Zaya Akins

Personal information
- Nationality: American
- Born: 30 August 2005 (age 20)

Sport
- Sport: Athletics
- Event: Sprint

Achievements and titles
- Personal best: 400m: 51.33 (2024)

Medal record
Women's athletics
Representing United States
World U20 Championships
| Gold medal – first place | 2022 Cali | 4x400 m relay |
| Bronze medal – third place | 2024 Lima | 400m |
| Gold medal – first place | 2024 Lima | 4×400 m relay |

= Zaya Akins =

American athlete (born 2005)

Zaya Akins (born 30 August 2005) is an American sprinter.

==Career==
She won a gold medal as part of the USA 4 × 400 m relay team at the 2022 World Athletics U20 Championships in Cali, Colombia.

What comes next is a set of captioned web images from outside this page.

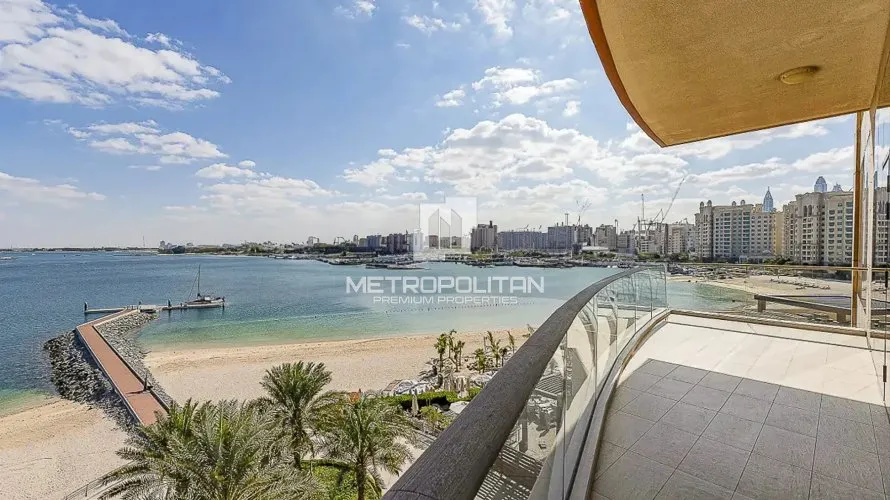 Квартира с 3 спальнями в  Tiara Residences, Пальма Джумейра, Дубай, ОАЭ №2120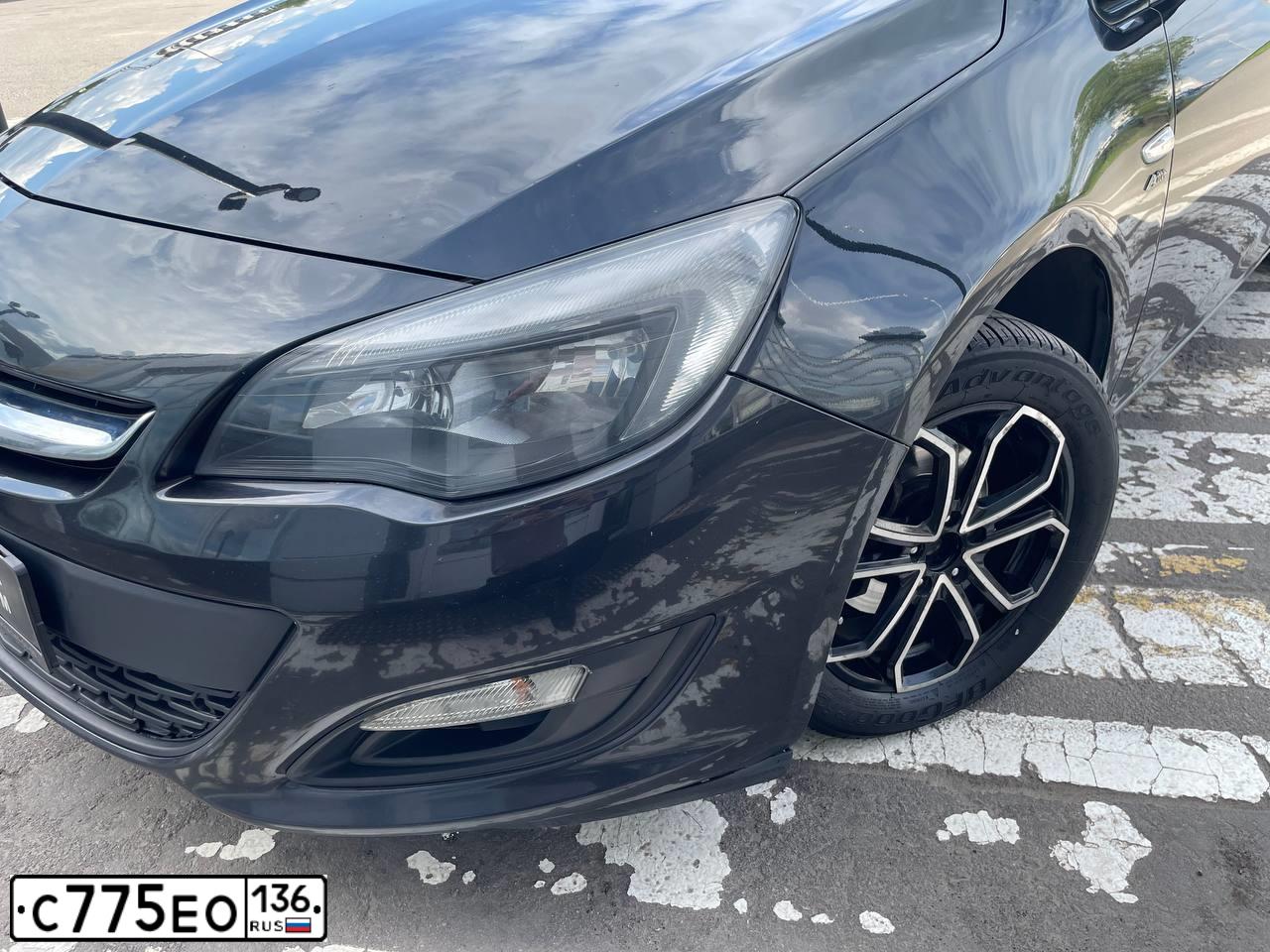 Фото автомобиля OPEL ASTRA, 2013 — госномер С775ЕО136. Цвет: ЧЕРНЫЙ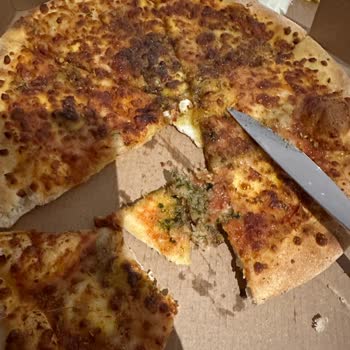 Domino's Gelen Tamamen Yanık Pizza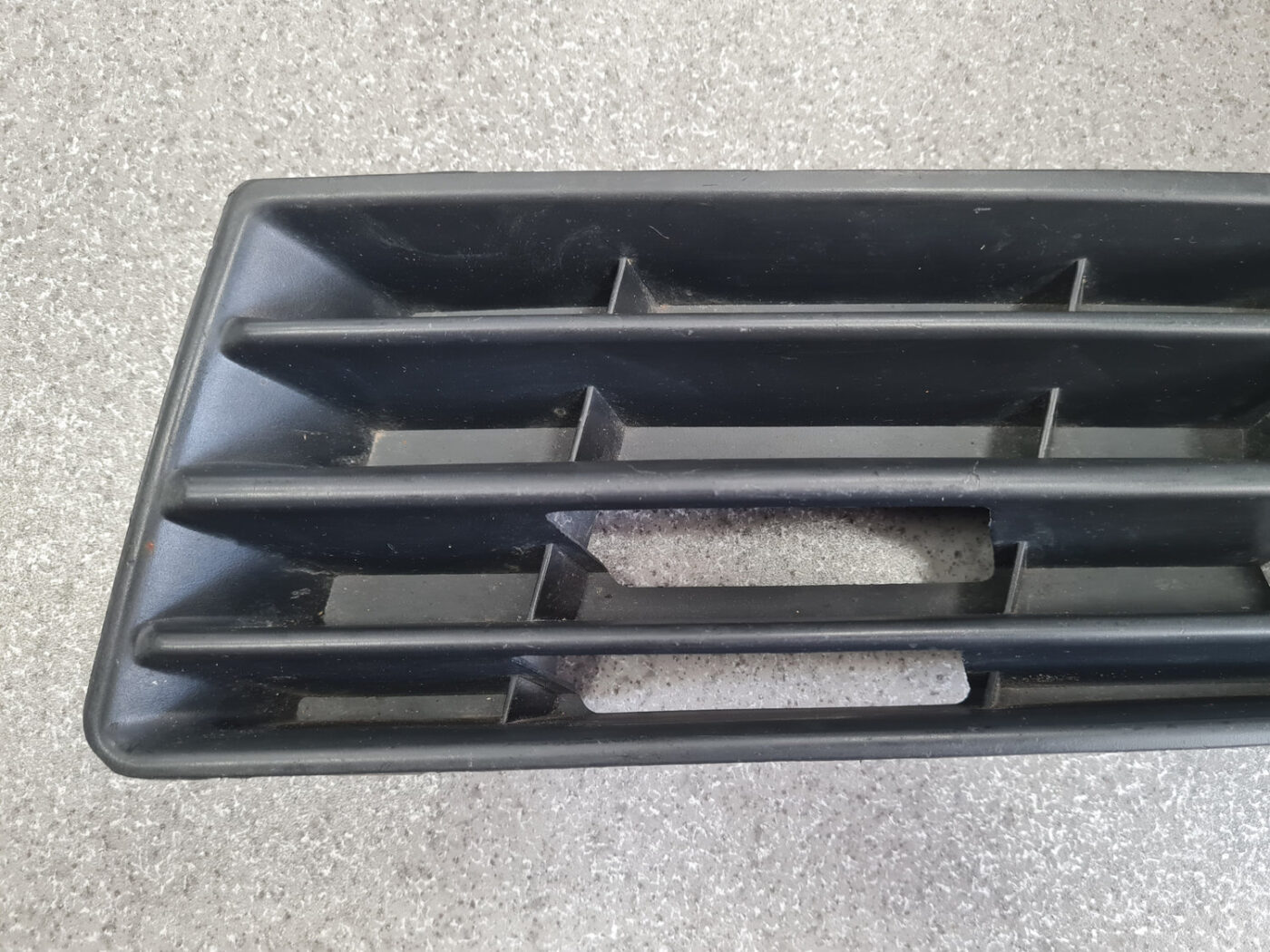 Miglas luktura reste, pa kreisi priekš VW POLO 2008 2 Miglas luktura reste, pa kreisi priekš VW POLO 2008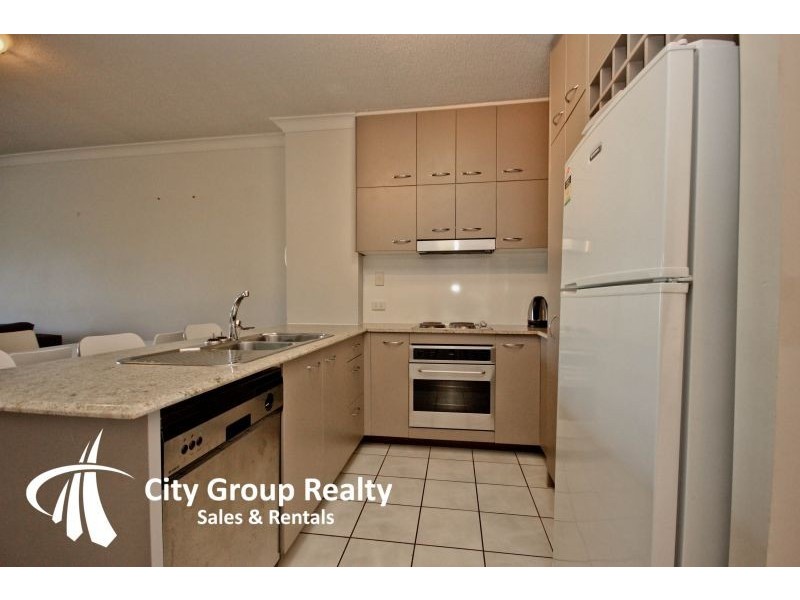 2 Geraldton Drive, Varsity Lakes QLD 4227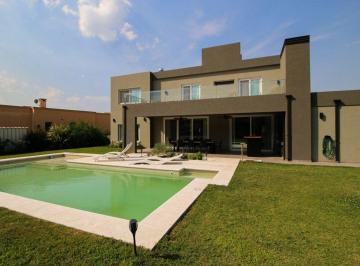 Casa · 224m² · 5 Ambientes · 2 Cocheras · Alquiler Casa 6 Amb Haras San Pablo G. Rodriguez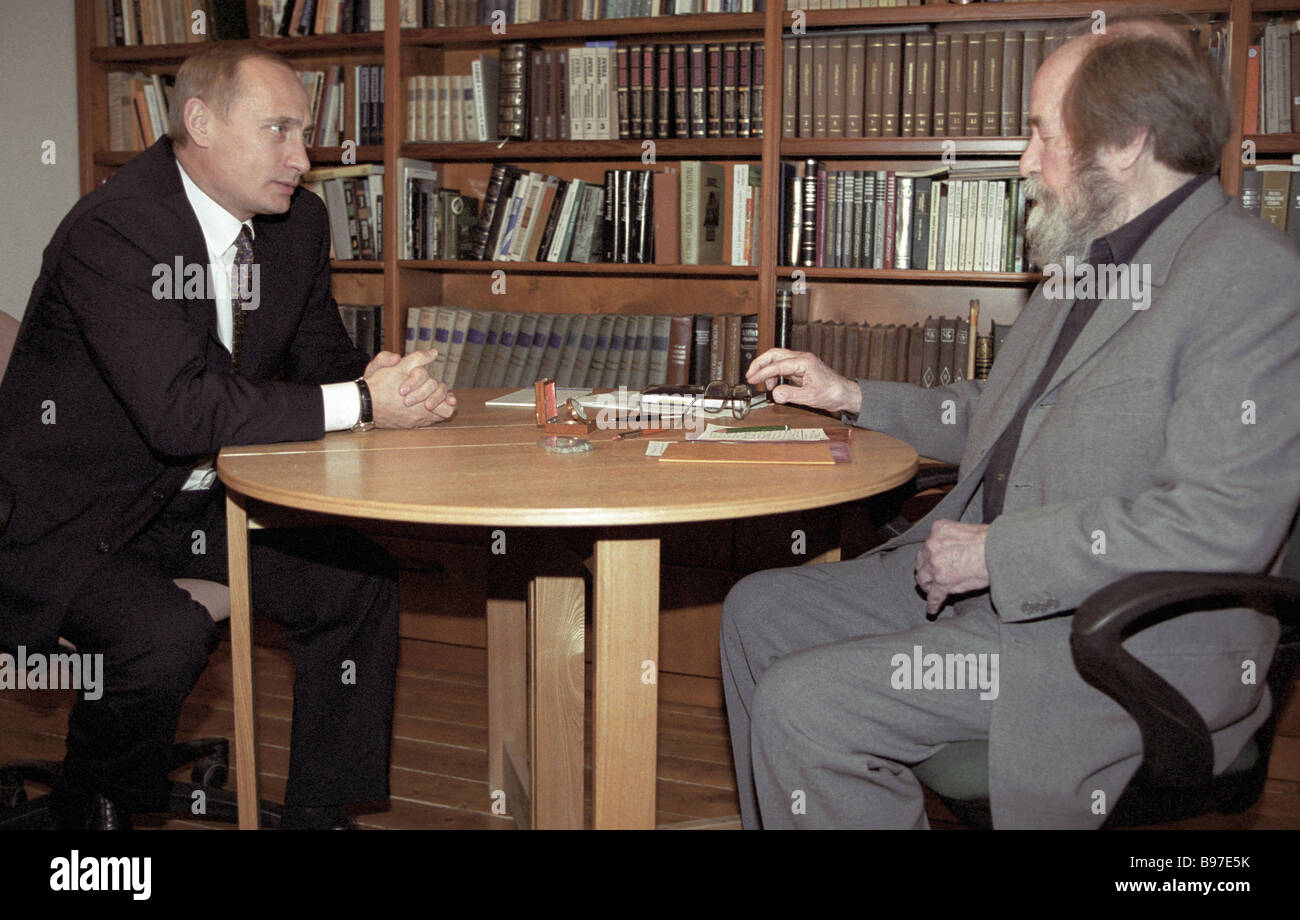 russian-president-vladimir-putin-left-and-alexander-solzhenitsyn-talk-B97E5K.jpg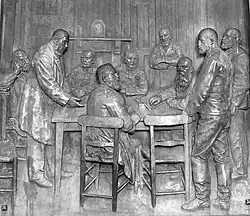 Le bas relief ouest consacré à la fin de la première guerre des Boers et à la signature du traité de paix entre les Anglais et Kruger.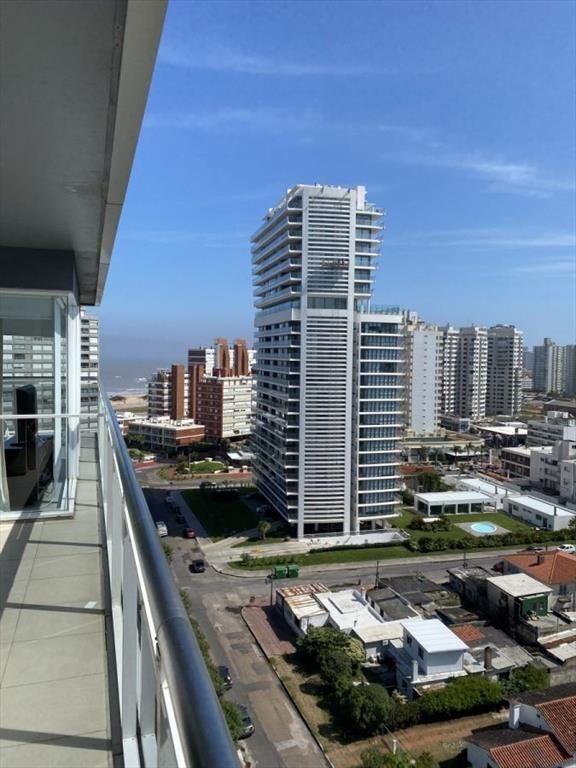 VENTA DE DEPARTAMENTO DE 3 DORMITORIOS TORRE MANHATTAN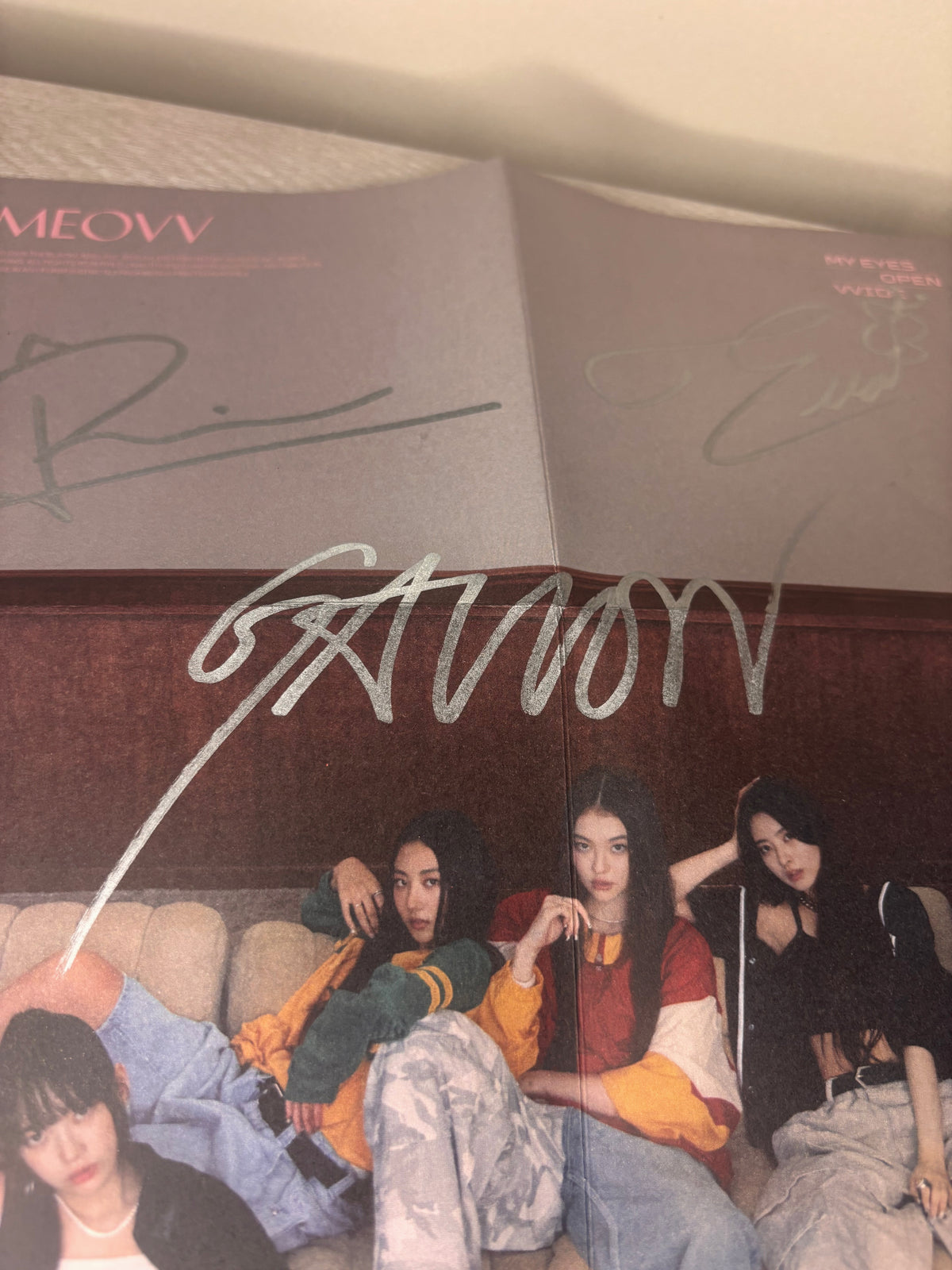 [SIGNED POSTER] MEOVV – "MY EYES OPEN VVIDE" 1st EP (GRILL Version)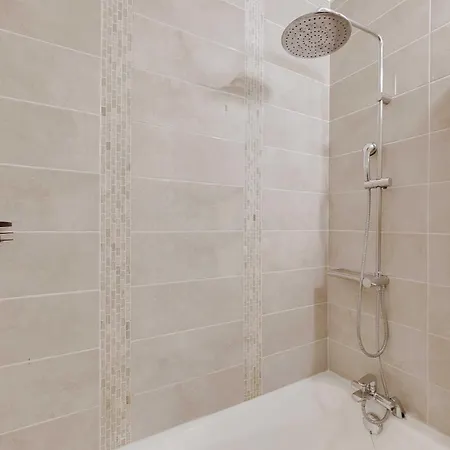 Beautiful 2br 6p - Eiffel Tower Parijs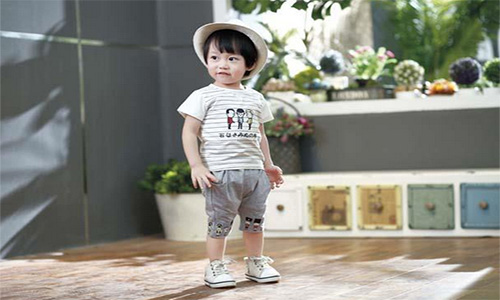 钻石童年童装加盟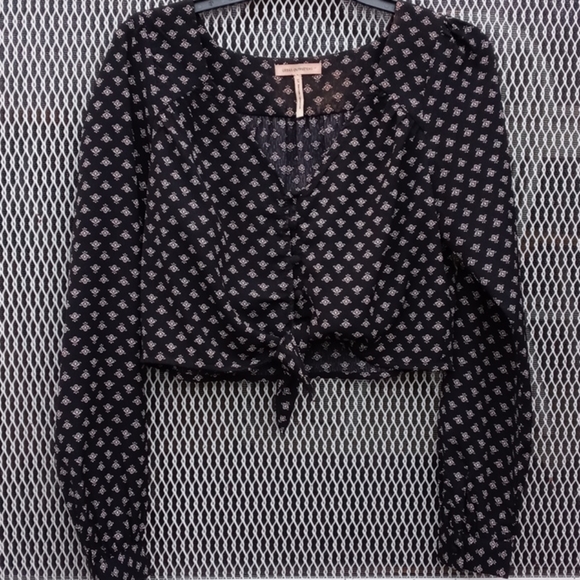 Urban Outfitters Blouse Size S-P - Picture 3 of 10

She missed the 2023 season through injury, but bounced back to win the USATF U20 Championships in Eugene, Oregon with a time of 51.81 seconds in June 2024,

She reached the final of the 400 metres at the 2024 World Athletics U20 Championships in Lima, Peru. In the final she ran 52.00 seconds flat to win the bronze medal. She also won gold in the 4 × 400 m relay at the Championships.

==NCAA==
Zaya Akins is an NCAA Champion, 3-time SEC Champion, 5-time All-SEC honoree as a student-athlete at the University of South Carolina in Columbia.

representing South Carolina Gamecocks
| 2025 | NCAA Division I Outdoor Track and Field Championships | 4 × 100 m relay | 42.40 | 2nd |
| 4 × 400 m relay | DNS | 9th |
| 400 m | 51.40 | 10th |
| Southeastern Conference Outdoor Track and Field Championships | 4 × 100 m relay | 42.75 | 1st |
| 4 × 400 m relay | 3:24.26 | 1st |
| 400 m | 52.33 | 6th |
| NCAA Division I Indoor Track and Field Championships | 4 × 400 m relay | 3:47.74 | 10th |
| 400 m | 51.39 | 5th |
| Southeastern Conference Indoor Track and Field Championships | 200 m | 23.12 | 7th |
| 4 × 400 m relay | 3:27.95 | 2nd |
| 400 m | 51.39 | 5th |
| 2024 | NCAA Division I Outdoor Track and Field Championships | 4 × 100 m relay | 42.63 | 3rd |
| 4 × 400 m relay | 3:24.86 | 6th |
| 400 m | 52.36 | 20th |
| Southeastern Conference Outdoor Track and Field Championships | 4 × 100 m relay | DQ | 10th |
| 4 × 400 m relay | 3:25.02 | 2nd |
| 400 m | 51.98 | 12th |
| NCAA Division I Indoor Track and Field Championships | 4 × 400 m relay | 3:26.20 | 1st |
| Southeastern Conference Indoor Track and Field Championships | 4 × 400 m relay | 3:26.05 | 1st |
| 400 m | 52.78 | 13th |

==Early life==
She attended Raytown South High School in Missouri, before attending University of South Carolina. She won eight state high school championships, breaking the Missouri state record in both the 200 and 400 metres.

==Personal life==
Her father Eli was a high school sprinter. She has two screws in her left knee after breaking her leg playing volleyball. She has been trained by Olympic runner Muna Lee.